Tıpkı bugünkü Türkiye’de yaşanan yakın tarihimizin çürük siyasetleri gibi…
Gerçek siyaset; mutlaka bilime, ilme, imana ve vicdana dayanmalıdır ki o zaman bu siyaset paralelinde yaşaya gelen ülke, varlığını kötü badirelerden korur, müspet ve sağlam zemin üzerinde yürür.
Devlet ve toplum birbiriyle pekiştirilir, rahatlıkla zirvelere tırmandırarak hedefine ulaşır.
Yoksa fesat, dayanaksız, çıkar ve menfaate dayalı yapılan siyaset ve tezgâhlanan politik oyunlar; o memlekete, o topluma yarar yerine kesinlikle zarar getirir ve toplumun içine fesat ve bozgunculuk sokar.
Toplum içten vurularak, dev bir ağaç gibi hemen yıkılır ve insanlar, o devlet ağacının altında kalmaktan kendini kurtaramaz.
Tıpkı İslam dünyasının, özellikle Türkiye’mizin karşı karşıya kaldığı mevcut siyaset kargaşası gibi…
Gerçekten; toplumun ve ülkenin birliğini, beraberliğini, birlikteliğini pekiştirmek isteyen bir siyaset unsuru evvela, öncelikle ve özellikle salabet-i diniyenin (dini konuların üstünlüğünün) hürmetini mutlaka muhafaza altına almalıdır.
İslam’a ve İslam’ın tüm gerektiren konularına sahip çıkılmadan, koruma altına alınmadan adım atmak, siyasette bozgunculuk ve fesat çıkarmaktan başka bir şey değildir.
* * *
Bediüzzaman’dan sorarlar.
“31 Mart Hadisesi hakkında siz ne dersiniz?”
Cevaben şöyle diyor Üstat;
“Önce 13 Nisan saikası (aniden çakan yıldırım afeti) hakkında sual ediyor iseniz, onu ben Divan-ı Harb-i Örfi mahkemesinde yaptığım müdafaatımdan ibaret olan ‘İki mektep musibetin şahadetnamesi’ eserimde şerh etmişim (açıklamışım).
Bu ifadeden sonra ben bütün kuvvetimle diyorum ki o hadise muvaffak ve muhaliflerin hata ve yanlışları yüzünden vücuda gelmiş bir hadisedir.
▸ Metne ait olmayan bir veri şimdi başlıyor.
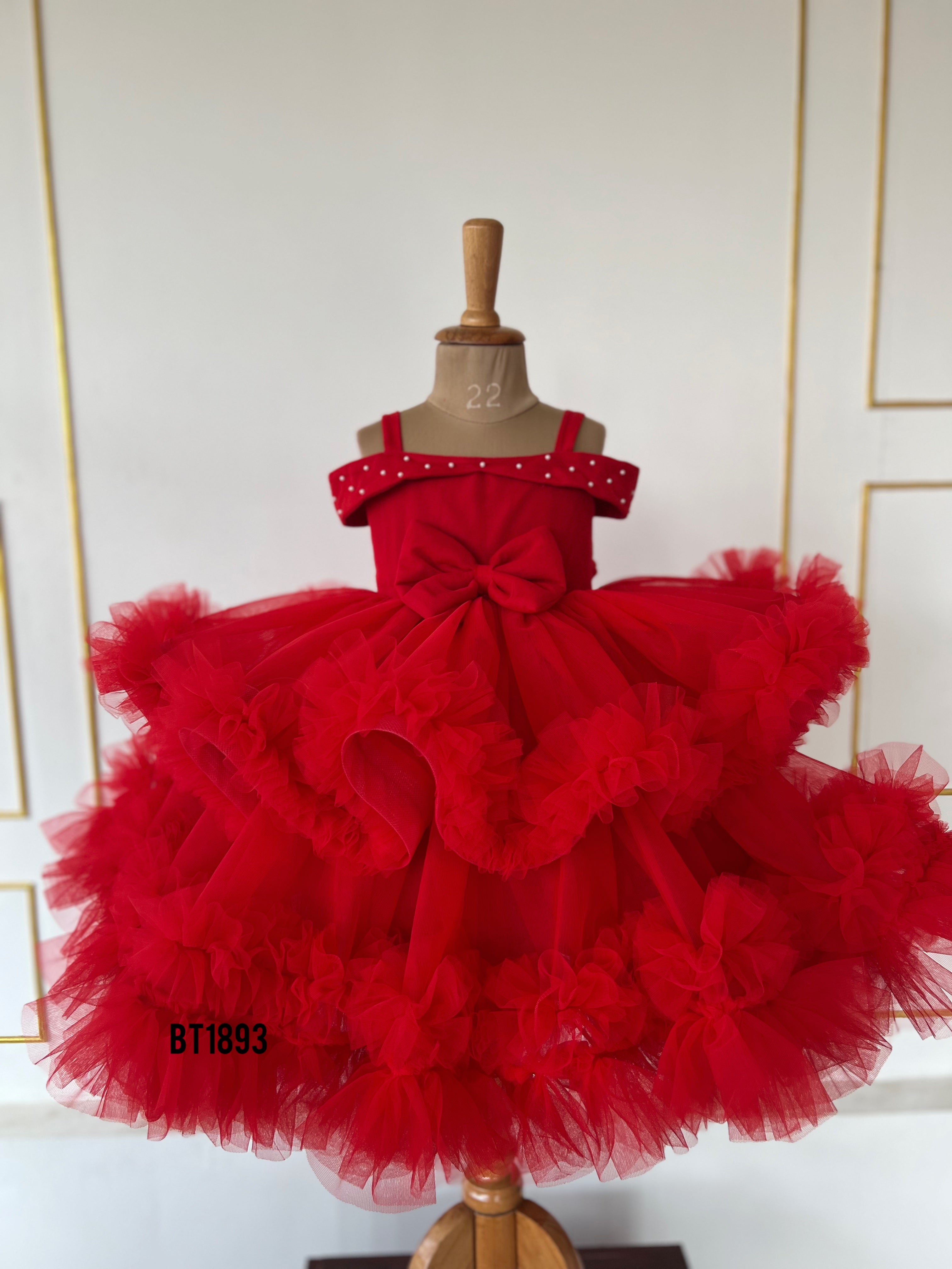 BT1893 Ruby Ruffle Gala Gown  A Red Carpet Affair for the Tiny Trendsetters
Ve birbirine muhasım (düşman) olan her iki tarafın hatalarını, yanlışlıklarını, masum, suçsuz, günahsız mütevekkil insanların üstüne atmalarından meydana gelmiş tarihi bir vakadır”
Bediüzzaman burada birilerine seslenerek şöyle devam ediyor;
“İşte ey fesat ve bozgunculuklarını başkalarına yükleyerek, kendilerini temize çıkarmaya çalışan mağrur, kendini beğenmiş kimseler!
Sizin misaliniz (örneğiniz) birbirini katledip yeryüzüne fesat saçan adamların misaline benzer ki bunların fesatlarını, bozgunculuklarını defetmek ve onları sulha davet etmek için, aralarına bir kısım yapıcı insanları sokmak, musalaha için (barış için) aralarına girmiş olan bu insanlar onlara gerçek şeyleri hatırlatır.
Zaten barışın usulü de öyledir.
Her iki tarafı birbirine yanaştırmak için, olayla hiç alakası olmayan masum insanlar araya girer ve ikna edici şeyleri söyler.
Bu insanlar her iki tarafa güzel şeyleri hatırlatırlar.
Ta ki o müthiş hileli desiseler ortadan kaldırılıncaya kadar.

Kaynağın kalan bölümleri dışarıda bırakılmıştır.